たとえば、家庭環境でそのイメージがどれほど異なるか下に例を挙げる。

  • 学者の家庭では)知能が高く、学問に秀でていて、知識層、社会の頭脳として活躍すること。知力や学識で女性を魅了することこそが「男らしさ」と理解され、頭が悪いこと(馬鹿)は男らしさの対極と理解される。
  • 経営者の家庭などでは)経営の能力が高く、労働者たちを使いこなす才覚があること。多くが先祖伝来の資産を持ち多くが親の代から法人を所有し経営者であるので、経営者家庭では、男らしさは身体を使ってあくせく働くことではない。経営者であることを見せつけて女性を魅了するのが「男らしさ」と考えられている。なお経営者の家庭では、先祖からの資産を受け継いだ女性が、先祖の代から続く法人を存続させるために婿養子を丁重に迎え経営者になってもらうこともあるので、男性がとりあえず女性に金銭的な援助をしてもらっても男らしくないなどとは考えない。
  • 肉体労働者の家庭)肉体労働者家庭、特にガテン系の職業の家庭では、筋力や体力、マッチョであることを見せつけて女性を魅了することが男らしさと考えられている。

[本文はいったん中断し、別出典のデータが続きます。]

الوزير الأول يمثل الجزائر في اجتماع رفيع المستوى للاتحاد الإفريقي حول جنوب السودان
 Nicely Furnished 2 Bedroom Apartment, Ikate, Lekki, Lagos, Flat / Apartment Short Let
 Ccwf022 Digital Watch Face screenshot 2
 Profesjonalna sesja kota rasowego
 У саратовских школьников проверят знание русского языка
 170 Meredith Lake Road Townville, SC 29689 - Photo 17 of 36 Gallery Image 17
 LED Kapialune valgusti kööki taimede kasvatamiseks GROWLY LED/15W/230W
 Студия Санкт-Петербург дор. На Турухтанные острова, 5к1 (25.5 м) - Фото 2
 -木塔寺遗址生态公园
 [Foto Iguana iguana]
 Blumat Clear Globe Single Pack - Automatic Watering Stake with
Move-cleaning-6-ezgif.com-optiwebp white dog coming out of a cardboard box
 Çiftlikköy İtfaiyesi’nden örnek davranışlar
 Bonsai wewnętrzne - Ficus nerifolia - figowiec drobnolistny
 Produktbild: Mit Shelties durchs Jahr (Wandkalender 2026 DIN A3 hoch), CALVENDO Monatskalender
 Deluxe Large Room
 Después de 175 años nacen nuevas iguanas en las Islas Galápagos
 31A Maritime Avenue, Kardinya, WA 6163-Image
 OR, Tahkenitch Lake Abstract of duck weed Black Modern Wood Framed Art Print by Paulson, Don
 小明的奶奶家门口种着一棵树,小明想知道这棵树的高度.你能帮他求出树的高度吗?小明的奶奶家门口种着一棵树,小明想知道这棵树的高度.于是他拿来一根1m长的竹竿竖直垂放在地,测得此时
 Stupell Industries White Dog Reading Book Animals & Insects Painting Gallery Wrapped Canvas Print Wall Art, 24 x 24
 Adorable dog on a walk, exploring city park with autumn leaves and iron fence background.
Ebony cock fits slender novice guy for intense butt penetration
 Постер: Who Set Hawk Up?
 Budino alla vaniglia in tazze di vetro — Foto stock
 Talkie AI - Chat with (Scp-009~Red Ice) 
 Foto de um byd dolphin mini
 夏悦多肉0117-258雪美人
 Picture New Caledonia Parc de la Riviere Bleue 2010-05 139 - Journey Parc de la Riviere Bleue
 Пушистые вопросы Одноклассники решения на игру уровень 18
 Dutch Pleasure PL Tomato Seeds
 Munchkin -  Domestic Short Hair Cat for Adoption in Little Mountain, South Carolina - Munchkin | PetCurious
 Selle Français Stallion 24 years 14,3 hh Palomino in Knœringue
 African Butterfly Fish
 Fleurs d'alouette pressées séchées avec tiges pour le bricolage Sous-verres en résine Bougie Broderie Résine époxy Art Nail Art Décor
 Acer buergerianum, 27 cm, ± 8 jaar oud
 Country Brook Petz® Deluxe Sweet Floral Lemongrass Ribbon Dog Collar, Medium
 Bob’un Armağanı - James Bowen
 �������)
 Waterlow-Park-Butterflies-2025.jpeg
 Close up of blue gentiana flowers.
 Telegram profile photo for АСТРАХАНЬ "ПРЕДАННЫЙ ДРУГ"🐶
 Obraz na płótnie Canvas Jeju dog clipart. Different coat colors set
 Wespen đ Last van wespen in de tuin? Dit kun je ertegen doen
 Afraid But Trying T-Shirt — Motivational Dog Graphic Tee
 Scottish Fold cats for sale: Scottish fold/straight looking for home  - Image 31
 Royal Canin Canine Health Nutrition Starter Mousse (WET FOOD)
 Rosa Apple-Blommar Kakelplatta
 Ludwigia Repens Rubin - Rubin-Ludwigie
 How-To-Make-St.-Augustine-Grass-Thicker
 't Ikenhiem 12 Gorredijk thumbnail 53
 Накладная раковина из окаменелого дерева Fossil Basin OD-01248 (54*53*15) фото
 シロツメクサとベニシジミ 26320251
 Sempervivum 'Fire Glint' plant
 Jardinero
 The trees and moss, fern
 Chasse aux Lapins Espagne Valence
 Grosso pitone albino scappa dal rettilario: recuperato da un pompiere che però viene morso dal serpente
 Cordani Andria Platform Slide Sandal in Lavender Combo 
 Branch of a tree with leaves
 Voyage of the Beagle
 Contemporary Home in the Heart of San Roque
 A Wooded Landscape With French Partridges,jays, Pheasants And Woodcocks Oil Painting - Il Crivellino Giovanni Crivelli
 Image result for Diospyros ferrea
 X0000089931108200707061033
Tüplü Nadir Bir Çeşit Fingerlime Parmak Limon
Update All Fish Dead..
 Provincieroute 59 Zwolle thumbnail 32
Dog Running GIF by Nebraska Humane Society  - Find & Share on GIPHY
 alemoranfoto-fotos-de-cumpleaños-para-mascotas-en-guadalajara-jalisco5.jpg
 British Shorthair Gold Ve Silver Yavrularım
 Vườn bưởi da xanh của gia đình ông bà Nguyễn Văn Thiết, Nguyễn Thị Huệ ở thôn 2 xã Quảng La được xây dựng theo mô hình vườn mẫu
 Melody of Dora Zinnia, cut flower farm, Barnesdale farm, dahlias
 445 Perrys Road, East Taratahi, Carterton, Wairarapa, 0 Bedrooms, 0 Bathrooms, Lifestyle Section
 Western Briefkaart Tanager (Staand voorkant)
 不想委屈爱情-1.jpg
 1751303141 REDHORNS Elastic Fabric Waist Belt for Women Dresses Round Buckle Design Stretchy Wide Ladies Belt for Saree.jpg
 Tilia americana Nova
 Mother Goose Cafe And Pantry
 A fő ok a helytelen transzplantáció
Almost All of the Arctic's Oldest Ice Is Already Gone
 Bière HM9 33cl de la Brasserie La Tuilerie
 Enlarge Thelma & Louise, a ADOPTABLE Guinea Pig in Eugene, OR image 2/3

また家庭の外で、他人に使われる仕事をして、金をかせいでくること。肉体労働者家庭では女性の恋人や配偶者に十分な財産・収入があっても、男性が「養われる」のは男らしくないとする偏見があり、ヒモという蔑称を使うこともある。肉体労働者家庭では「男は強くて女は弱い」と思い込んでいる者も多く、ガテン系の家庭の一部では、男が自分が強いことを周囲に見せつけるために女性や子供を殴ってしまうということが起きがちである。肉体労働者家庭では、学者の家庭とは逆で、頭が悪くても男らしいと考えられることがある。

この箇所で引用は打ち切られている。